When we look at Hollywood films of the thirties, bursting with optimism and opulence, and then hear of the personal hell that many of its creative personnel went through, it becomes increasingly difficult to understand that world in 1995. "Shall We Dance" and "You Only Live Once" were both released in 1937, but what a difference between the glistening vision of Fred Astaire and Ginger Rogers and the harsh reality faced by Henry Fonda and Sylvia Sidney. "They Shoot Horses, Don't They?" was considered far too grim for Depression-weary audiences, so it wasn't until 1969 that Sidney Pollack took a chance at making a movie from the Horace McCoy novel classified as unfilmable since its publication in 1935.

By that time, its star Jane Fonda had made about sixteen films in her nine-year career and was considered a light comedienne at best and a serious actress by no one. In fact, although she went on to make twenty more films, "They Shoot Horses" is the only Fonda movie in which she successfully escaped her own strong persona. In the despair-ridden Gloria, there is not a trace of the self-possession and determination which saturates all of Fonda's other celluloid creations. For this one movie, Fonda let go of every familiar mannerism, every inflection, every gesture and sunk herself so deeply into the doomed soul of another person, that it is virtually impossible to believe she is not the character she portrays.

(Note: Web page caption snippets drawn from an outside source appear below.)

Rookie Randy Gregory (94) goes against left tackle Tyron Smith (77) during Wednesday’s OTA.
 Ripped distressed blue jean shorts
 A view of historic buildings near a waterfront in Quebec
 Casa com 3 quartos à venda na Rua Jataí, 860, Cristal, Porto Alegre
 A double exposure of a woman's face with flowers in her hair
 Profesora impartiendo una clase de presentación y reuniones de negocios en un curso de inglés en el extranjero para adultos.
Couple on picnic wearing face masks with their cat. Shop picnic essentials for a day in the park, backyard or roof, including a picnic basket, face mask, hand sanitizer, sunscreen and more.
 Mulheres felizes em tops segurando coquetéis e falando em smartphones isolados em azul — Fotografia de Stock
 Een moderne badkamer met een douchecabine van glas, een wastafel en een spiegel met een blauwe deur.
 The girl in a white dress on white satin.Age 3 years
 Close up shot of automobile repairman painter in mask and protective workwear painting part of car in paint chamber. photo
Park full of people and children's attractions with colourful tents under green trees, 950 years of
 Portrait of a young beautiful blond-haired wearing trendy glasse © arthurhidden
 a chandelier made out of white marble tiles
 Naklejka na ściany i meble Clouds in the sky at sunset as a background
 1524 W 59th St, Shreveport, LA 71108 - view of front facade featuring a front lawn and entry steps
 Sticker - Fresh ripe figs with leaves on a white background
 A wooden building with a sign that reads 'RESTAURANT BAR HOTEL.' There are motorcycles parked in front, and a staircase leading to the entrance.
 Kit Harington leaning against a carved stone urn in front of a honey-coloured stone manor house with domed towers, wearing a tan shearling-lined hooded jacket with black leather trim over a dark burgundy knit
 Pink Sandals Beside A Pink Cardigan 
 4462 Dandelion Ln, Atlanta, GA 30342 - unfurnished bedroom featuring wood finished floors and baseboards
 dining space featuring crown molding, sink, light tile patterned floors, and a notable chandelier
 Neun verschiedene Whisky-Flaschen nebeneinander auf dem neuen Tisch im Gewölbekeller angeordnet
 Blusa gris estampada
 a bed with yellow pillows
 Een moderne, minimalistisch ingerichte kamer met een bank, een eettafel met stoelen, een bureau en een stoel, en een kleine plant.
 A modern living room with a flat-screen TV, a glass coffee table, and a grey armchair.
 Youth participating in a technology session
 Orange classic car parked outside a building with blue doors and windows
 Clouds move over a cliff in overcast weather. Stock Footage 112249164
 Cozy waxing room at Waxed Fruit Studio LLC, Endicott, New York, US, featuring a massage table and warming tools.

Like the entire premise of the film, Gloria allows herself to be eaten alive and we can not tear our eyes away from her self-destruction for an instant. As a dancer in a fleapit marathon, Gloria drags her susceptible partner (sensitively played by Michael Sarrazin) into hell. She is a loser and she knows it, dissolving her aching need for human warmth with ferocious self-hatred. Gig Young, a representative of another era of Hollywood, was not welcomed by other members of the young cast in the key role of the seedy master of ceremonies, but he is ideally cast and won an Oscar for his beautiful textured work. Brilliant performances are also contributed by Susannah York as a would-be starlet in a flimsy gown, by Red Buttons as an old-time competitor and by Bruce Darn and a youthful Bonnie Bedelia as a broke and exhausted couple, trying to pay for the birth of their first baby.

But this dance of economic survival evolves into a dance of death for some, and as such, is the perfect symbol for an era of broken dreams and empty pockets. Elusive stardom is never far from the minds of the participants or from the audiences of a future time who remain vulnerable to Hollywood's siren song.